## Work instruction
Your answer should be the exact lines of the data below from the one containing "Nowy szeryf w Kozienicach" through the one containing "Interior Lighting"; please include nothing else.

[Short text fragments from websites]
▼

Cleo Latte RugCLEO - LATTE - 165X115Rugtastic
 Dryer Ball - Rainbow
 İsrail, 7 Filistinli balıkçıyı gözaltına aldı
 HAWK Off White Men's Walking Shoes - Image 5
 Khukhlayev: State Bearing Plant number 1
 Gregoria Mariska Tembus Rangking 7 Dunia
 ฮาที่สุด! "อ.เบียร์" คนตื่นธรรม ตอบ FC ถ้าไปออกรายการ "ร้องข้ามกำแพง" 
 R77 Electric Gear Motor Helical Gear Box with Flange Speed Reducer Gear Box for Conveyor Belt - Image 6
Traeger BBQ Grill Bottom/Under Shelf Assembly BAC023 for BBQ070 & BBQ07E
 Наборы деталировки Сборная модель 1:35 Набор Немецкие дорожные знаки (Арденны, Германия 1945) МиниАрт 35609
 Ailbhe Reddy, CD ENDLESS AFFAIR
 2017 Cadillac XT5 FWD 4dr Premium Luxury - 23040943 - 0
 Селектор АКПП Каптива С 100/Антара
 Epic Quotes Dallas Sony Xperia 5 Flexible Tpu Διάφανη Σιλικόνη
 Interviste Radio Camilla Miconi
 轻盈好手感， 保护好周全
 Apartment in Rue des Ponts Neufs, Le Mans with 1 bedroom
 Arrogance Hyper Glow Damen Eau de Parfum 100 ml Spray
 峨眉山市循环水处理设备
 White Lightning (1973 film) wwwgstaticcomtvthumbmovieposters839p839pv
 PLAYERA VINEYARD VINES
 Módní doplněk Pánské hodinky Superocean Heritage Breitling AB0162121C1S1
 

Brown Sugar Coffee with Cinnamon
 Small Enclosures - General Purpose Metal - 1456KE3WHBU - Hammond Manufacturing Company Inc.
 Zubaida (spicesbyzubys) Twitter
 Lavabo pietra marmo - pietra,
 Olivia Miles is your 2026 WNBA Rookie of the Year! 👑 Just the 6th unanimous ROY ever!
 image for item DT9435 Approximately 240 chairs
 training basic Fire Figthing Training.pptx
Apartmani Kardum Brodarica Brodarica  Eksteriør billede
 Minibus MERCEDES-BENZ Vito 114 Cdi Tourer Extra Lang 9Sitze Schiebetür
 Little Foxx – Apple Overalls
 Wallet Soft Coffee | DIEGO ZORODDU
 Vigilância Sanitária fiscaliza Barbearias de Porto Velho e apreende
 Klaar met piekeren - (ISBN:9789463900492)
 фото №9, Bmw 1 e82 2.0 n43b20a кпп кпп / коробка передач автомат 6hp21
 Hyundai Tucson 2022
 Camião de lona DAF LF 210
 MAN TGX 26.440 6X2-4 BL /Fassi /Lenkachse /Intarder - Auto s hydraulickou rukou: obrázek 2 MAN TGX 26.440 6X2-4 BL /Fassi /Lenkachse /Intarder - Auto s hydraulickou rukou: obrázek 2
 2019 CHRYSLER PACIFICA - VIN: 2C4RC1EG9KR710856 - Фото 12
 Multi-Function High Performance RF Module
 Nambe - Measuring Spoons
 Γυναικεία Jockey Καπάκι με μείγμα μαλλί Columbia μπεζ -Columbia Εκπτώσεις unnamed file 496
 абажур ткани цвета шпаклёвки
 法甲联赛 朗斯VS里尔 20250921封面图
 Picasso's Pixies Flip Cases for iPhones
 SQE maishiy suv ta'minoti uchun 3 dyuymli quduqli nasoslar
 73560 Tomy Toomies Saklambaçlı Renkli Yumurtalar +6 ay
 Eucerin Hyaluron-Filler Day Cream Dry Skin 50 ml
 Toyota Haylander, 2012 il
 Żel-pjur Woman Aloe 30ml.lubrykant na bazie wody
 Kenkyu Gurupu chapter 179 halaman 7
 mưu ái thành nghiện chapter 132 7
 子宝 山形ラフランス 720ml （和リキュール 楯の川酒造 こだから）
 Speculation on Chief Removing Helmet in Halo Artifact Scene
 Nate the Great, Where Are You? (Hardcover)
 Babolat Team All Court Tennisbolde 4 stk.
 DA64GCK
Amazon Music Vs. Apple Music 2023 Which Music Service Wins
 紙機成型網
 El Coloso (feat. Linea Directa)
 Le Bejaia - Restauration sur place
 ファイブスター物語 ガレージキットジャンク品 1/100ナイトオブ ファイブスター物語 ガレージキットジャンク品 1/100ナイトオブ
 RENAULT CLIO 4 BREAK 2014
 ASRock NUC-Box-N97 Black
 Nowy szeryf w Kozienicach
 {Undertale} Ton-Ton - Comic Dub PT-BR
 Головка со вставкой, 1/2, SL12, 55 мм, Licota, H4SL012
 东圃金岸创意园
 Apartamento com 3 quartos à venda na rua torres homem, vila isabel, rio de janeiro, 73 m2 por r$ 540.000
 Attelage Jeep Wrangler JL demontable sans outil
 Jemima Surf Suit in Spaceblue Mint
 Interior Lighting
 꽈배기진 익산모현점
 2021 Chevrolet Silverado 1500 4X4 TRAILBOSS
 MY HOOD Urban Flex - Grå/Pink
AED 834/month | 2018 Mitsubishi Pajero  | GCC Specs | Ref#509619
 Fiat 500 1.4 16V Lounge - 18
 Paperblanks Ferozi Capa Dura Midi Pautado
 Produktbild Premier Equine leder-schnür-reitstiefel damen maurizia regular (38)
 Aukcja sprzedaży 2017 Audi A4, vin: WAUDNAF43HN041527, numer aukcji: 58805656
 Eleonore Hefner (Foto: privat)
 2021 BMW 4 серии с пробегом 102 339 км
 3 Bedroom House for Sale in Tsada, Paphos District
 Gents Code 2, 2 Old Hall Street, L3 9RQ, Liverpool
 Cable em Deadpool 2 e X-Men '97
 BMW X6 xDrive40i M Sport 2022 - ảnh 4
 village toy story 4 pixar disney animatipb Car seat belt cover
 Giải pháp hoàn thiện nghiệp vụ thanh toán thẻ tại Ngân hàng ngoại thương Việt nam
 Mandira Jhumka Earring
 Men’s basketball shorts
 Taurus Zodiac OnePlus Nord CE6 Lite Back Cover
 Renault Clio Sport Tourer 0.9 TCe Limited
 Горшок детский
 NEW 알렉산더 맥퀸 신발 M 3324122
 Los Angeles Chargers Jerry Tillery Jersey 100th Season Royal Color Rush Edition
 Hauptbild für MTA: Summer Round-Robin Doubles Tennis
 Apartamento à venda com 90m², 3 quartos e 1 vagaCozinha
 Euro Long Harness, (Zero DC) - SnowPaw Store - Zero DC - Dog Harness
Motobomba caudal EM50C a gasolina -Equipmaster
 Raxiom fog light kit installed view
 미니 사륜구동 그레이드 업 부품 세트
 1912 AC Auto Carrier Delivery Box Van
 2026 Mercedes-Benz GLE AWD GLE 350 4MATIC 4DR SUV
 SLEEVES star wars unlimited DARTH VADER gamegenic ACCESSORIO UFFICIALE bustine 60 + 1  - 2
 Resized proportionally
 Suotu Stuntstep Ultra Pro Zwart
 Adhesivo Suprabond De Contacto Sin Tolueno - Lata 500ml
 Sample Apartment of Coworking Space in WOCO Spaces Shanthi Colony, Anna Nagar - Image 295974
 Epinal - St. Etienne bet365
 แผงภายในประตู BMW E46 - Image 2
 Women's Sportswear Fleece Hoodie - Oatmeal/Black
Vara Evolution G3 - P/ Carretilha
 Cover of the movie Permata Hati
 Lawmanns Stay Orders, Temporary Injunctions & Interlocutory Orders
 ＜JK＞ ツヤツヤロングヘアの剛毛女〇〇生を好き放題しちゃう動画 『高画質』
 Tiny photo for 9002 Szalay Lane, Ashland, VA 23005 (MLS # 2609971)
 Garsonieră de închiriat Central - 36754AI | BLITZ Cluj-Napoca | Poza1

▲

## Answer box
 Nowy szeryf w Kozienicach
 {Undertale} Ton-Ton - Comic Dub PT-BR
 Головка со вставкой, 1/2, SL12, 55 мм, Licota, H4SL012
 东圃金岸创意园
 Apartamento com 3 quartos à venda na rua torres homem, vila isabel, rio de janeiro, 73 m2 por r$ 540.000
 Attelage Jeep Wrangler JL demontable sans outil
 Jemima Surf Suit in Spaceblue Mint
 Interior Lighting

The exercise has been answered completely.